Selanjutnya, senam massal yang diadakan pada awal Juni 2022. Senam massal yang diikuti seluruh warga Kalurahan Wukirsari ini berlangsung meriah. Berbagai doorprize disediakan oleh panitia untuk peserta senam. Pada minggu berikutnya, Gowes Sepeda Santai dan Donor Darah bersama PMI Bantul. Untuk rute gowes kali ini melewati 16 padukuhan di Kalurahan Wukirsari. Dalam perjalanan, peserta disuguhi hijaunya sawah dan pegunungan kekayaan Wukirsari serta berbagai obyek wisata baru di Kalurahan Wukirsari.
Selanjutnya, ada kegiatan Lomba Siskamling per-padukuhan. Lomba kali ini berlangsung selama 4 malam dan dilaksanakan di Kantor Kalurahan Wukirsari setelah Isya’. Malam selanjutnya tepatnya tanggal 16 Juni 2022 sesuai tanggal lahir Wukirsari diadakan kegiatan doa bersama dan pengajian. Doa bersama kali ini dipimpin oleh KH. Ahmad Zabidi Marzuki LC dari Pondok Pesantren Ar-Romly Giriloyo. Tak lupa, pemotongan tumpeng juga dilakukan sebagai tanda bahwa 74 tahun sudah Kalurahan Wukirsari berdiri untuk negeri dan tanda mensyukuri Wukirsari yang sudah genap berusia 74 tahun.
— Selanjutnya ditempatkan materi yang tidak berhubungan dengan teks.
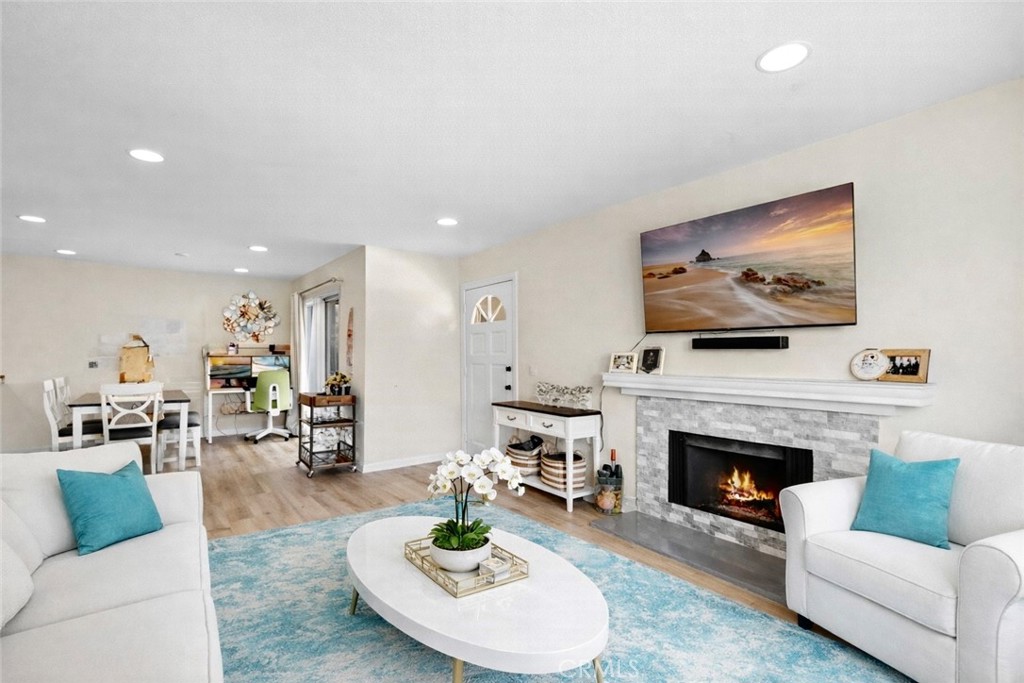 22 Exeter Irvine, CA 92612 - Photo 5 of 24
Hari berikutnya, pembukaan Wukirsari Expo. Dalam expo kali ini terdapat 16 stand dari 16 padukuhan dan beberapa stand tambahan dari lembaga kalurahan dan sponsor kegiatan. Berbagai kegiatan dilakukan dalam Wukirsari Expo yang berlangsung tiga hari ini yakni, lomba mewarnai, workshop membatik, edukasi reptil, serta malam inagurasi bersama Es Teh Anget Akustik.
Selain itu, untuk mengenang jasa pemimpin Wukirsari yang telah berpulang terlebih dahulu, maka diadakan kegiatan ziarah pada sore hari ke Makam Singosaren, Seniman Giri Sapto, Nogosari, dan Pucung.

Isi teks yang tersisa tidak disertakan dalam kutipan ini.